Reprinted from Facts and Logic in the ME (FLAME)
“Last week, Jordan took the dramatic step of significantly increasing Palestinian Arab control of the Temple Mount in Jerusalem. As a result, the anti-Semitic policies and anti-Israel activities on the Temple Mount are likely to intensify—if that is even possible.
The Temple Mount was the site of both Solomon’s and Herod’s temples, which were destroyed. After the Arab conquest of Jerusalem in the seventh century, Muslim shrines were erected on the ruins of these Jewish holy places. At the southern end of the massive 35-acre Temple Mount complex—where the ancient Sanhedrin sat—the Al-Aqsa Mosque was constructed. North of that, on the actual spot of the ancient Jewish temples, the golden Dome of the Rock was constructed toward the end of the seventh century.
Yet today, Jews are denied all religious rights on the Temple Mount.
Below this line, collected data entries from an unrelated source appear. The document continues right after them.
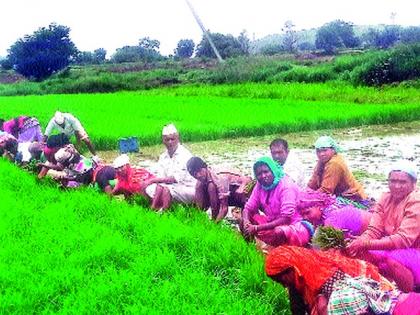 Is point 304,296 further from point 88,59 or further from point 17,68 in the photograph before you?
point 88,59

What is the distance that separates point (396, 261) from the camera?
3.57 metres

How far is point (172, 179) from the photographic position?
20.0ft

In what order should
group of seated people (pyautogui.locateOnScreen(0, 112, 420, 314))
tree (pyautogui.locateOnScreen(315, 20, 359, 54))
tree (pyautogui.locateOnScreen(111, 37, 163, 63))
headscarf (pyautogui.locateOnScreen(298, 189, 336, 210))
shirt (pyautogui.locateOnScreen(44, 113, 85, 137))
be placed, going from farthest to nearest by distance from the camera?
tree (pyautogui.locateOnScreen(315, 20, 359, 54)) < tree (pyautogui.locateOnScreen(111, 37, 163, 63)) < shirt (pyautogui.locateOnScreen(44, 113, 85, 137)) < headscarf (pyautogui.locateOnScreen(298, 189, 336, 210)) < group of seated people (pyautogui.locateOnScreen(0, 112, 420, 314))

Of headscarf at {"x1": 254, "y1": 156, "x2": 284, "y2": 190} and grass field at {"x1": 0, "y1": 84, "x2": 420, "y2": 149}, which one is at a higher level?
headscarf at {"x1": 254, "y1": 156, "x2": 284, "y2": 190}

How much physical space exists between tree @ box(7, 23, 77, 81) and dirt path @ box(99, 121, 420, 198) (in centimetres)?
3850

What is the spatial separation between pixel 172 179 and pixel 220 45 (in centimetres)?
4133

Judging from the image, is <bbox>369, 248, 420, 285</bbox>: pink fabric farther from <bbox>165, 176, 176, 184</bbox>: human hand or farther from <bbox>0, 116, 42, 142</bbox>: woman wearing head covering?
<bbox>0, 116, 42, 142</bbox>: woman wearing head covering

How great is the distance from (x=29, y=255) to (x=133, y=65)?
1511 inches

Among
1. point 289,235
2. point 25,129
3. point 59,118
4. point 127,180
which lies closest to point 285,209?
point 289,235

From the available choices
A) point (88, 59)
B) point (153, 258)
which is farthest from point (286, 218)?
point (88, 59)

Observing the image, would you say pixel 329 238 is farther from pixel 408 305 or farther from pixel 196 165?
pixel 196 165

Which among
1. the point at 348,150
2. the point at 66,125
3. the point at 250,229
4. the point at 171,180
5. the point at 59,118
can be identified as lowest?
the point at 348,150

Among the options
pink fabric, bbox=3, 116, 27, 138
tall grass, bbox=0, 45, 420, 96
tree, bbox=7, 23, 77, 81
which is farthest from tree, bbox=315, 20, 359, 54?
pink fabric, bbox=3, 116, 27, 138

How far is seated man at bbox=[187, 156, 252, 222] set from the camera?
17.6ft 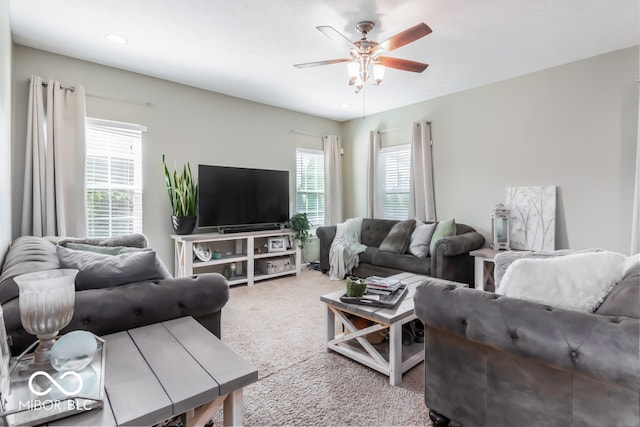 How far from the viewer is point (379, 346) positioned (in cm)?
234

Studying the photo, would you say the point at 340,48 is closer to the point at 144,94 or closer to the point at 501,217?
the point at 144,94

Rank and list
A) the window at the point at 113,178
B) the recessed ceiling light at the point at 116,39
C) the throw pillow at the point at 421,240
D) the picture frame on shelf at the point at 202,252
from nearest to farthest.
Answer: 1. the recessed ceiling light at the point at 116,39
2. the window at the point at 113,178
3. the picture frame on shelf at the point at 202,252
4. the throw pillow at the point at 421,240

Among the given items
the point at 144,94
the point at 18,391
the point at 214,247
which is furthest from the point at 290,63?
the point at 18,391

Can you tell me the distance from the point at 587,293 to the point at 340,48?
2.72 meters

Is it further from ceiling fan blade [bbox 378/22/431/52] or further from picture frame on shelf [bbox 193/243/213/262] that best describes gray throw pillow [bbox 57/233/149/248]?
ceiling fan blade [bbox 378/22/431/52]

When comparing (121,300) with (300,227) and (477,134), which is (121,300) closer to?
(300,227)

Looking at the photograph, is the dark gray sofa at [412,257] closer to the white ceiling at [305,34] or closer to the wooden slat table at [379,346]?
the wooden slat table at [379,346]

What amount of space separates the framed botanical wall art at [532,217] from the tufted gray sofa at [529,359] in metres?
2.59

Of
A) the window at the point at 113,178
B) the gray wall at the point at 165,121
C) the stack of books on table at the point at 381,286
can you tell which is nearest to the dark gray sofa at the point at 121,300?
the stack of books on table at the point at 381,286

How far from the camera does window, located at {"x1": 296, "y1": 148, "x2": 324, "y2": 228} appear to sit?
5.29 meters

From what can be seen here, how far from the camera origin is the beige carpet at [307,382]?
5.35ft

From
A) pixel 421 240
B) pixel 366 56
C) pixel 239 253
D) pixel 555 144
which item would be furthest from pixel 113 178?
pixel 555 144

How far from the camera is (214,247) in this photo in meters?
4.27

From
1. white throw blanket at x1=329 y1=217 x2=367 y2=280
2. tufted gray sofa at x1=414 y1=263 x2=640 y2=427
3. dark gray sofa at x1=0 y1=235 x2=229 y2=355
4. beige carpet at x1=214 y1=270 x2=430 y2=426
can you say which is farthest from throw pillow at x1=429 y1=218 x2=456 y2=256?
dark gray sofa at x1=0 y1=235 x2=229 y2=355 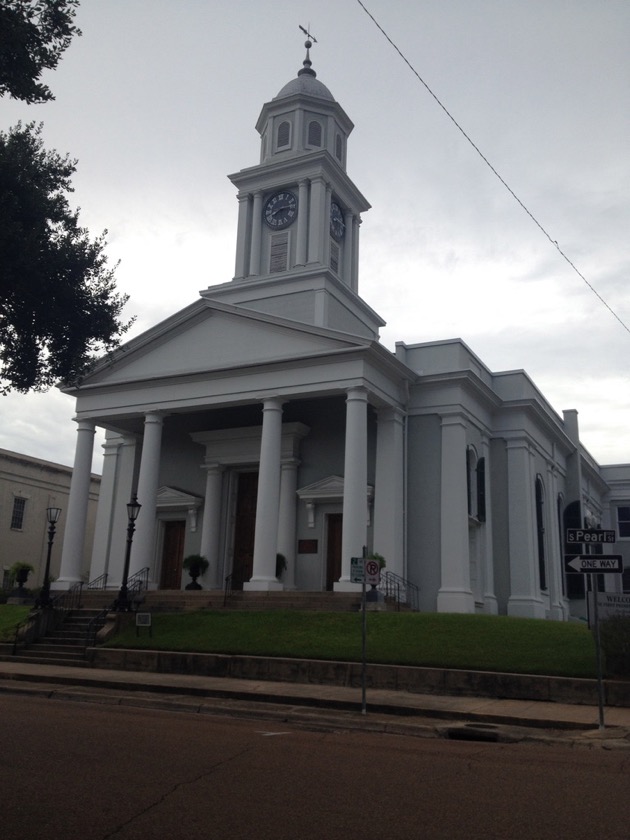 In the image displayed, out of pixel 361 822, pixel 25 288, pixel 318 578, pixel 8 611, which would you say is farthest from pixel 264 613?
pixel 361 822

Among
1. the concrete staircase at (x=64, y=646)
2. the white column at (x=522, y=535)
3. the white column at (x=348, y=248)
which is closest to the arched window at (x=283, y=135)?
the white column at (x=348, y=248)

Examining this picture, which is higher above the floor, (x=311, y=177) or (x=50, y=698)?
(x=311, y=177)

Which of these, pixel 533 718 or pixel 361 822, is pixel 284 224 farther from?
pixel 361 822

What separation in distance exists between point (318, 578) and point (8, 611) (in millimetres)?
9770

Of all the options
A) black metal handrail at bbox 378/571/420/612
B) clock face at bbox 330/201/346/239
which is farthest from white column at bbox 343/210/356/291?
black metal handrail at bbox 378/571/420/612

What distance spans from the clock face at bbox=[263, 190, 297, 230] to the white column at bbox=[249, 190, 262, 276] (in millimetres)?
346

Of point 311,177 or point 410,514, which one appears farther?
point 311,177

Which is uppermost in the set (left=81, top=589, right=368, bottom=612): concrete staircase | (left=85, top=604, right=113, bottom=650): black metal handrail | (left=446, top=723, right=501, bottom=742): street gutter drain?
(left=81, top=589, right=368, bottom=612): concrete staircase

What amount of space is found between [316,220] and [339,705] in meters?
22.1

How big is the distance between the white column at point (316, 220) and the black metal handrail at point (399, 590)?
41.2 ft

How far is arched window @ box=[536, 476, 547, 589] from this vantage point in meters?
31.6

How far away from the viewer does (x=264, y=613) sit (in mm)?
21109

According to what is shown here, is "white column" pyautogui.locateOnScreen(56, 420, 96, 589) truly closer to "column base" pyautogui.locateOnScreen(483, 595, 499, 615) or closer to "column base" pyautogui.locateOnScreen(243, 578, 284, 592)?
"column base" pyautogui.locateOnScreen(243, 578, 284, 592)

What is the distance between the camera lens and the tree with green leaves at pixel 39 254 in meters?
10.3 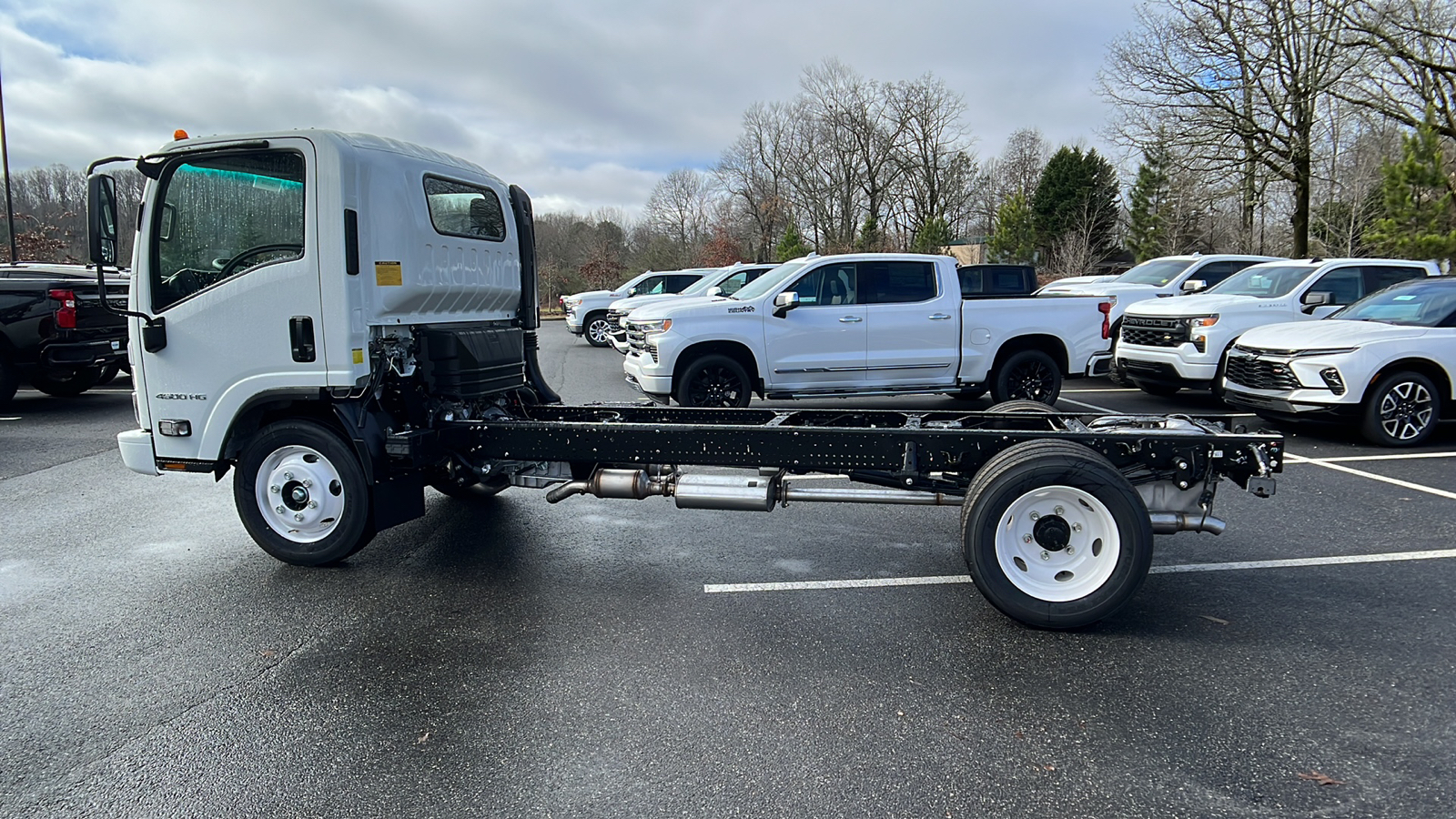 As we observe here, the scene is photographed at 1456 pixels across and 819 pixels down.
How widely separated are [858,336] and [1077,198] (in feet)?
122

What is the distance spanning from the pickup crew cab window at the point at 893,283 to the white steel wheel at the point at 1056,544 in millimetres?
5948

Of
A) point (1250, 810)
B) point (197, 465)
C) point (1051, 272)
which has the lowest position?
point (1250, 810)

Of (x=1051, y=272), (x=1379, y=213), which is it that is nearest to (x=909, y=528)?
(x=1379, y=213)

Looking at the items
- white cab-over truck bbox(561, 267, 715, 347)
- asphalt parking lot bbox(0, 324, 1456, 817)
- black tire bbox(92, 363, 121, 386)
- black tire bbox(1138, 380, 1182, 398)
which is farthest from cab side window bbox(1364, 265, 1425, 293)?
black tire bbox(92, 363, 121, 386)

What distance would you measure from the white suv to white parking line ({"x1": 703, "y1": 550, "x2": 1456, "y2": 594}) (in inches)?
138

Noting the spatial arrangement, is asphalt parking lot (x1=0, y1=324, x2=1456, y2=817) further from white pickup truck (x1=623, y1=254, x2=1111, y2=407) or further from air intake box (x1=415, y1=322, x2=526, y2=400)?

Even under the most austere Muslim regimes of the Middle ages, Jews were permitted to pray on the Temple Mount once a year on Tisha B’Av, the anniversary of the destruction of the temples. But today’s policy—unbelievably tolerated by Israel’s government—is intended, according to Palestinian Authority President Mahmoud Abbas, to prevent Jews from “setting their filthy feet” on the Temple Mount.
This has nothing to do with history or precedent, and everything to do with Jew-hatred and anti-Zionist political passions.
Israel is sovereign in all Jerusalem, thanks to the 1980 Basic Law: Jerusalem Capital of Israel. So why is the Temple Mount situation so seemingly out of control?
On June 7, 1967, Israeli General Motti Gur proclaimed “Har Ha-Bayit b’Yadeinu“: “The Temple Mount is in our hands!” Perhaps none of the miracles of the 6-Day War was more surprising than Israel’s conquering the Temple Mount in Jerusalem’s Old City.
Israel’s fight for survival in 1967 was supposed to be with Egypt in the south and with Syria in the north. Israel went to extraordinary lengths to assure Jordan’s King Hussein (in the east) that Israel had no desire to militarily engage Jordan.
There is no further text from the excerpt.